Harianjogja.com, KULONPROGO— Komisi I DPRD Kulonprogo mendorong pemerintah daerah memperkuat kinerja birokrasi dan meningkatkan pendapatan asli daerah (PAD) untuk menghadapi ketentuan batas belanja pegawai maksimal 30 persen dari total APBD.
Ketentuan tersebut masih menjadi pekerjaan rumah bagi Pemkab Kulonprogo karena persentase belanja pegawai saat ini masih berada di atas ambang 30 persen. Penyesuaian perlu dilakukan agar struktur APBD Kulonprogo dapat memenuhi batas yang ditetapkan Pemerintah Pusat.
Anggota Komisi I DPRD Kulonprogo, Rizal Aldyatma, mengingatkan penyesuaian belanja pegawai tidak semestinya ditempuh hanya dengan memangkas jumlah pegawai atau mengurangi hak-hak mereka, termasuk gaji.

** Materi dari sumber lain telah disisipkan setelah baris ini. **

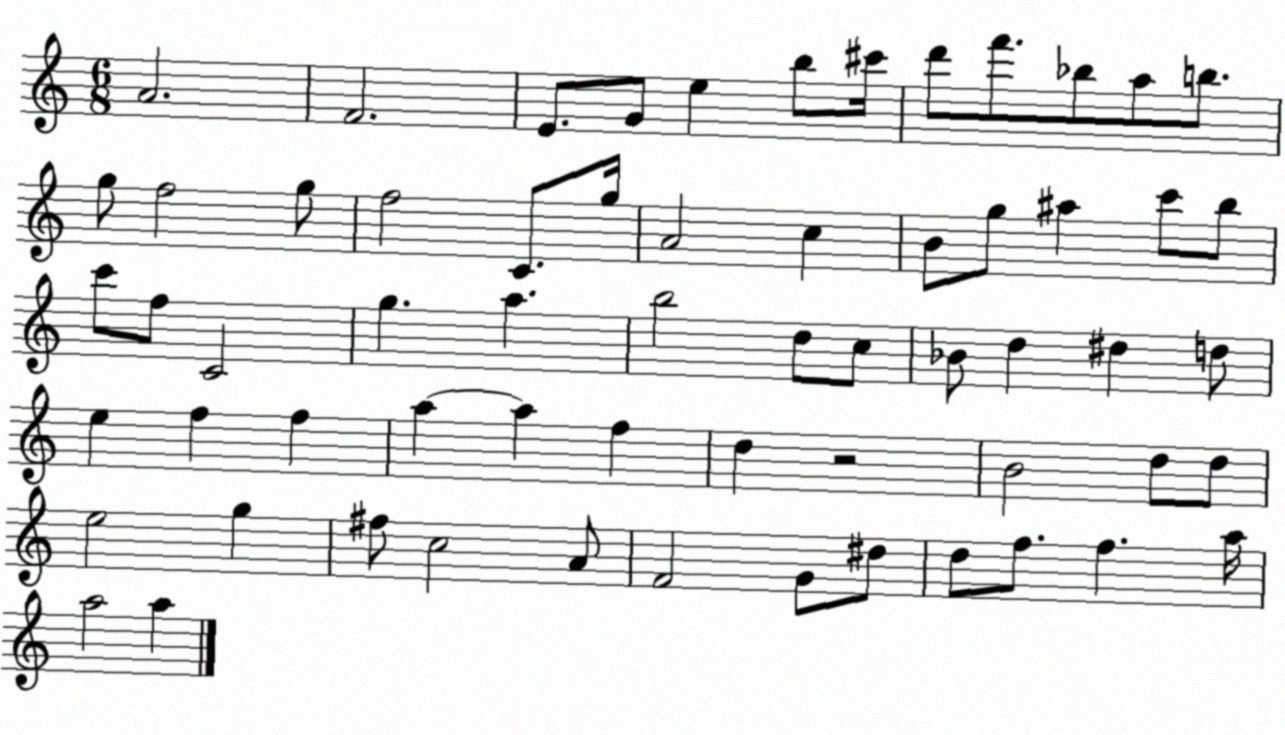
X:1
T:Untitled
M:6/8
L:1/4
K:C
A2 F2 E/2 G/2 e b/2 ^c'/4 d'/2 f'/2 _b/2 a/2 b/2 g/2 f2 g/2 f2 C/2 g/4 A2 c B/2 g/2 ^a c'/2 b/2 c'/2 f/2 C2 g a b2 d/2 c/2 _B/2 d ^d d/2 e f f a a f d z2 B2 d/2 d/2 e2 g ^f/2 c2 A/2 F2 G/2 ^d/2 d/2 f/2 f a/4 a2 a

Menurutnya, kebijakan semacam itu tidak seharusnya menjadi arah utama karena dapat berdampak langsung terhadap masyarakat Kulonprogo.
"Sebenarnya bukan hanya sekadar memangkas jumlah pegawai atau mengurangi hak-hak pegawai. Yang lebih penting adalah bagaimana melakukan penataan belanja secara bertahap, meningkatkan efisiensi birokrasi, memperkuat prinsip akuntabilitas, objektif, dan pada saat yang sama untuk memperbesar kapasitas fiskal daerah dalam artian pendapatan asli daerah (PAD)," katanya saat dikonfirmasi, Selasa (11/8/2026).
DPRD Dorong PAD Kulonprogo Diperkuat
Rizal menilai penguatan PAD menjadi salah satu langkah penting karena kondisi fiskal setiap daerah tidak selalu sama. Pemerintah daerah perlu mencari ruang untuk meningkatkan pendapatan tanpa mengandalkan dana transfer dari Pemerintah Pusat.
"Gimana bersama-sama meningkatkan PAD. Itu yang perlu ditekankan karena tadi juga kebijakan riil, dan kondisi riil di daerah itu kan berbeda-beda," tambah Rizal.
Menurutnya, pemenuhan batas belanja pegawai 30 persen sebagaimana mandat Undang-Undang Hubungan Keuangan antara Pemerintah Pusat dan Pemerintah Daerah (UU HKPD) harus disikapi secara objektif dan cermat.
Ia menjelaskan sebagian besar alokasi belanja pegawai digunakan untuk tenaga aparatur vital yang menjalankan pelayanan dasar. Di antaranya tenaga kesehatan, pendidik, hingga petugas pelayanan publik terpadu.
Karena itu, penataan belanja perlu dilakukan secara bertahap dengan tetap memperhatikan kebutuhan pelayanan masyarakat. Pada saat yang sama, kapasitas kinerja birokrasi perlu diperkuat agar efisiensi anggaran tidak berujung pada penurunan kualitas pelayanan publik.
Pemerintah Pusat Siapkan Masa Transisi
Rizal mengatakan pemerintah daerah juga tidak perlu panik secara berlebihan menghadapi ketentuan tersebut.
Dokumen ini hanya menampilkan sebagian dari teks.